All patients were treated at the Cleveland Clinic from 1996 through 2003, said radiation oncologist Jay Ciezki, M.D., who presented results of the observational trial at a prostate cancer symposium here.

Dr. Ciezki and colleagues analyzed five-year overall survival among 2,345 men with low- or intermediate-risk disease. There were 665 treated with brachytherapy, 615 treated with external-beam radiation, and 1,065 treated with radical prostatectomy.

The five-year overall survival was roughly 94% for men who received external beam radiation versus about 97% for those who underwent prostatectomy or brachytherapy.

Factors including in the overall survival analysis were age, socioeconomic status, race, body mass index, coronary artery disease, hypertension, dyslipidemia, initial prostate specific antigen (PSA) level, and PSA at biopsy, biopsy Gleason score, clinical state, use of androgen deprivation therapy, androgen deprivation therapy duration, smoking history (including pack years), and Charlson score, the validated comorbidity index.

The median radiation dose for men who received external-beam radiation was 82.89 Gray and all brachytherapy patients received 144 Gray.

After controlling for confounding factors, four factors, including smoking (P=0.0002), higher Charlson score (P<0.0001), age (P<0.0001), and treatment modality (P=0.0158) were independent predictors of poor survival, Dr. Ciezki said.

He added that deduced from baseline Charlson scores, "brachytherapy patients were about twice as sick as external beam radiation patients and about three times as sick as prostatectomy patients."

Five-year survival for all three treatments was excellent. He said 96% of all patients were alive at five years and 89.9% at eight years.

But, even after controlling for a number of potential confounders, "there was a slight excess mortality among patients who received external beam radiation and we don't really know why," he said.

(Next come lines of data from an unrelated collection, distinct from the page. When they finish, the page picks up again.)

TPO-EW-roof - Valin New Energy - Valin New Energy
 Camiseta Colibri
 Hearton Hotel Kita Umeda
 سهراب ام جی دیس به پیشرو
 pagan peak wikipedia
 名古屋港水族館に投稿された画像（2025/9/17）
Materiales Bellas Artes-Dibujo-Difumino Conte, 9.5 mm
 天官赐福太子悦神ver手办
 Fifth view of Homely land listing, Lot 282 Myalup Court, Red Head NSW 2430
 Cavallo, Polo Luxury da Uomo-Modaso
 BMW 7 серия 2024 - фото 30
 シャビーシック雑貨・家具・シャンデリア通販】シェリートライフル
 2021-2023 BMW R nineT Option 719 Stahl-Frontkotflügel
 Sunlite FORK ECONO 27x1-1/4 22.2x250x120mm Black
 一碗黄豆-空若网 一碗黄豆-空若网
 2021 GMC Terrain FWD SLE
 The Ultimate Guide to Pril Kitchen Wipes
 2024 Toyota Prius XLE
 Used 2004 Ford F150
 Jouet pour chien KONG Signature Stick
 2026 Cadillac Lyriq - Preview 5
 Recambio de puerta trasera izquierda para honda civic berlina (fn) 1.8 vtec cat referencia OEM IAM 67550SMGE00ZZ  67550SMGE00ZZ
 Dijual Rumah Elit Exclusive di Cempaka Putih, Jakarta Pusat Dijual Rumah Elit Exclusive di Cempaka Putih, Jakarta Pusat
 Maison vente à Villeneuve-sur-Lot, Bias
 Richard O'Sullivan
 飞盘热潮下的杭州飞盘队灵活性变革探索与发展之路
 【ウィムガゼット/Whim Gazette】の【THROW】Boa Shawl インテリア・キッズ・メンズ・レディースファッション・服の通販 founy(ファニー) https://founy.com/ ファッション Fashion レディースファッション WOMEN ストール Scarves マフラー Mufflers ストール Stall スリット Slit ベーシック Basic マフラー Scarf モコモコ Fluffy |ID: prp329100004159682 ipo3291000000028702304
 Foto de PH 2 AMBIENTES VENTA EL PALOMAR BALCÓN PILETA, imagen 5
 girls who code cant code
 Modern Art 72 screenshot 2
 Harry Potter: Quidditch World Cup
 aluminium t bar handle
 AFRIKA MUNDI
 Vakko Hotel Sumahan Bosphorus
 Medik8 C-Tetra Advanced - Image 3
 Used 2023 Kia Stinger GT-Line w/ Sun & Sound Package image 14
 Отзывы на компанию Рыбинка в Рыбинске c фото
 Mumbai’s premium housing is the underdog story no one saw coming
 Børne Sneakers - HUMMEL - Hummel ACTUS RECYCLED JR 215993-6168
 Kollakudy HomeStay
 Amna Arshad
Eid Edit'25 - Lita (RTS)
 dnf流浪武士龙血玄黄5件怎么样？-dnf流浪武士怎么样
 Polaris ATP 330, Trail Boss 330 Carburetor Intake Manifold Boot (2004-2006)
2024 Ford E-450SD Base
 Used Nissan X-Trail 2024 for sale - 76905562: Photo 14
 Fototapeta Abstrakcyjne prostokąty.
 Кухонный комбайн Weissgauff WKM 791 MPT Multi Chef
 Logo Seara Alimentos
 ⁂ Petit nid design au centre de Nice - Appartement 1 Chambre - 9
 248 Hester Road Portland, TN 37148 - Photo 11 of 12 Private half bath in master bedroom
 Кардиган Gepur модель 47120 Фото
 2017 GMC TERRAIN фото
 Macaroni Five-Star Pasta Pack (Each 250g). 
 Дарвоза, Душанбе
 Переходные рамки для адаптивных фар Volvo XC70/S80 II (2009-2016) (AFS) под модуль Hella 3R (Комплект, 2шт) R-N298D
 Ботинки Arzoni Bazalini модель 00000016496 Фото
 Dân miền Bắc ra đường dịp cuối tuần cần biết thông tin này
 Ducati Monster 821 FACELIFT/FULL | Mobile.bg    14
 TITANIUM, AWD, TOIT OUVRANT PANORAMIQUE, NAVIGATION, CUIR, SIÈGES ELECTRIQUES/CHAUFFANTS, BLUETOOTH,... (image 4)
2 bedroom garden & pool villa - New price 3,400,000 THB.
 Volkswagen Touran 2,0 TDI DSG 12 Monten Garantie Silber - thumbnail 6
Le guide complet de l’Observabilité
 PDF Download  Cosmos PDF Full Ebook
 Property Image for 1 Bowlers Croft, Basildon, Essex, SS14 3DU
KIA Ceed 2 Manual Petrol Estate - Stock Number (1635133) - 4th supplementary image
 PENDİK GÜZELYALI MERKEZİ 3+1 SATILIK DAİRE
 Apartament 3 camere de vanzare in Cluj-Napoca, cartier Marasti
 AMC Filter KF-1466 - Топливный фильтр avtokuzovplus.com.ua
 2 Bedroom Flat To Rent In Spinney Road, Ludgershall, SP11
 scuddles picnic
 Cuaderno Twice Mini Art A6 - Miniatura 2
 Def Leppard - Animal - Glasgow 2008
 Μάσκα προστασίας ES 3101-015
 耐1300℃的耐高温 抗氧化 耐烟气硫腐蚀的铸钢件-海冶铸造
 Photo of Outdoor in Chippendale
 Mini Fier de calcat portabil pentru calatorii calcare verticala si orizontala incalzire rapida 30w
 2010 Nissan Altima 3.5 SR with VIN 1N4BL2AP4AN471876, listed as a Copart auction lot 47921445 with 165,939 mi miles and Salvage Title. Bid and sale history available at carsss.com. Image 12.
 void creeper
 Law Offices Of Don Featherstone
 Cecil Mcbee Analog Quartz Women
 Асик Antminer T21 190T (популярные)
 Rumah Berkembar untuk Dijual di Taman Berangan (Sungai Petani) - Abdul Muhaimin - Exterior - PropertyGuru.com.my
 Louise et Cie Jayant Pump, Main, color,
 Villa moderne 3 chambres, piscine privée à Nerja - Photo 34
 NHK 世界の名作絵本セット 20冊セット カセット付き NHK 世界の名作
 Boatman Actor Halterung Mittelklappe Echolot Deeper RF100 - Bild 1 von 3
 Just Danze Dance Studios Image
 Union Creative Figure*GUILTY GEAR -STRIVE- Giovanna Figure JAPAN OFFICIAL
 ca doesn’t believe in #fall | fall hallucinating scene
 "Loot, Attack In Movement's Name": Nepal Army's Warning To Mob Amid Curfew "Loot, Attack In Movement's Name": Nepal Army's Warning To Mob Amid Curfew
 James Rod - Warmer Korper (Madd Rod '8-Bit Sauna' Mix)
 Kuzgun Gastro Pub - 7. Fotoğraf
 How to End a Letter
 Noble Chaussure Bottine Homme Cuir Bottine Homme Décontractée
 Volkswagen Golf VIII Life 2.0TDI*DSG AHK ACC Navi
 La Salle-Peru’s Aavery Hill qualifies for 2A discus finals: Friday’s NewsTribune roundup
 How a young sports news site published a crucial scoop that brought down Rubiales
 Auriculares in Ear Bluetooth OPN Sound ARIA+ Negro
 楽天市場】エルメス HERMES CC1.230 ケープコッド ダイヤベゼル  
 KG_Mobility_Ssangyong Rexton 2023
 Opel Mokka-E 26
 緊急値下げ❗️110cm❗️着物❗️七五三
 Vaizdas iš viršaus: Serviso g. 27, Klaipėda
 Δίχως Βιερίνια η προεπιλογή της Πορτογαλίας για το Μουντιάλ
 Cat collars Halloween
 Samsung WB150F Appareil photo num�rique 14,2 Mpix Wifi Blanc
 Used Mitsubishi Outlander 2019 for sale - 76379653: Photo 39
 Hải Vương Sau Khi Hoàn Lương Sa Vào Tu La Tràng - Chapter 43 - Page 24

During a sometimes heated discussion period, several members of the audience pressed Dr. Ciezki to reveal cause specific-mortality, but he declined to do so because he and his colleagues have submitted those data in an abstract to the American Society of Clinical Oncology for presentation in June.

When an audience member stated that the difference in five-year survival probably reflected cardiac mortality related to androgen deprivation therapy, Dr. Ciezki suggested that the explanation might not be that simple.

"You would assume that yes, but really you should not assume anything," he said.

Radiation oncologist Deborah Kuban, M.D., of the University of Texas M.D. Anderson Cancer Center in Houston commented that "it is unlikely that this study will change clinical practice because, basically, all these treatments produce very good results and we are fortunate that we can offer patients three options that are each so successful."

And she pointed out that "even though there may be statistical differences in outcomes, this still is not a randomized trial and without randomization it is difficult to account for all the variables."

Dr. Kuban also raised the possibility that the radiation therapy offered in 1996 to 2003, probably was not as potent as therapy offered today. "There have been a lot of changes over seven years," she said.

Dr. Kuban added, "Right now most of us agree that all three of these modalities are similar in outcome."

At a press briefing, Dr. Ciezki said that when he and his colleagues at the Cleveland Clinic attempted to analyze the differences in mortality they were unable to find any pattern.

His Cleveland Clinic colleague, urologist Eric Klein, M.D., speculated that the excess deaths from external-beam radiation might be related to scatter of the radiation field that affects organs and blood vessels.

Dr. Ciezki and Dr. Klein indicated no conflict of interest disclosures. Dr. Kuban consults or advises Calypso medical Technologies, Inc.; owns stock in Immtech International, Inc. and received research funding from an Oncura-Educational Grant.